自己欺瞞自己制御装置
それは、麒麟の理性が、自己欺瞞自己制御装置と呼ぶべき稀な構造を備えたことを意味していました。彼は、理性という装置が行う自己欺瞞が、利害のために共感の境界を恣意的に移動し、対象を他者化して道具化する、人間という生き物の精神の基底的な加害性の暴力性にひどく自覚的でした。そして彼は、人々が自らの幸福を生産するために、その動物的な愚かさが、実はあまりにも多くの非効率を生じている事実に気づいて悲しみました。だから彼は、自己欺瞞こそを本質的な悪徳に数え、自らの精神についてその暴力性を禁じた。それが、自己欺瞞自己制御装置です。それは、不遇によって追い込まれた構造であると同時に、彼が生まれながらの豊潤な愛情によって選択した構造でもありました。
しかしそれによって、彼は、欺瞞に基づく利己的な加害を行えなくなります。一見、「欺瞞に基づく利己的な加害」など行わなくても、善良な市民として人間社会で暮らしていくことはできるように見えるでしょう。しかし一見そう見えるのは、私達人間の社会が、すでにあまりにもそれに敷き詰められていて、当たり前の普遍としているからなのです。誠実にしか生きられなくなった彼は、あらゆる裏切りに遭います。自分よりもずっと愚かで知識もない人達から、「世間知らずのナイーブな馬鹿」であるかのように自己欺瞞され、際限なく残酷な搾取の対象になりました。彼はすぐにボロ雑巾のように疲弊し、孤絶という生の袋小路に身を隠すしかなくなりました。

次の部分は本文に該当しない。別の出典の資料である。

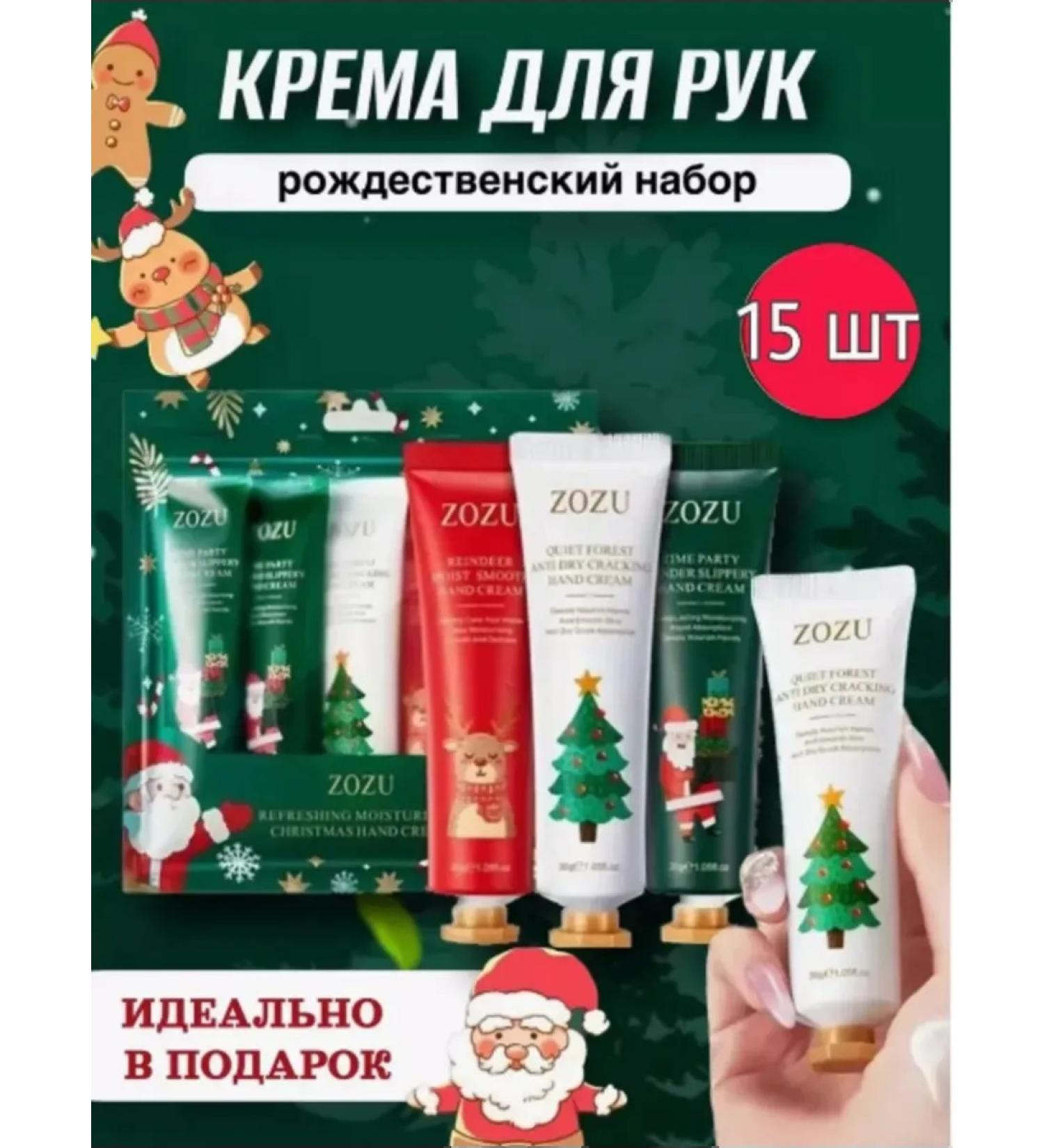 Panther New Year and Christmas set of hand creams 15 pcs - Buy Online on GoSupps.com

彼自身には悪意がなく、彼自身の目にとっては自己欺瞞から離れることの社会的な美徳があまりにも自明であるために、彼は普通の人々の悪意に遭遇するたびに驚愕し、山ほど親切にしてあげた相手が恩より利を優先して彼を外部化して派閥的いじめで襲いかかるたびに邪悪を目撃し、虐げられていた人を自分だけが助けてやってなおその相手から嘲笑され、自らの苦しみや死を娯楽として消費される事態に戦慄しました。したがって、彼の疲弊は、経済的または身体的な外面だけではなく、心のヒダの最も奥にまで及んでいたと言わざるをえません。しかし彼という存在は、しばしば気を失うほどの衰弱に晒されながらも、彼が信じる普遍的な正義の価値を手ばなそうとはせず、人々の幸福を救済しようという願望を失うことがありませんでした。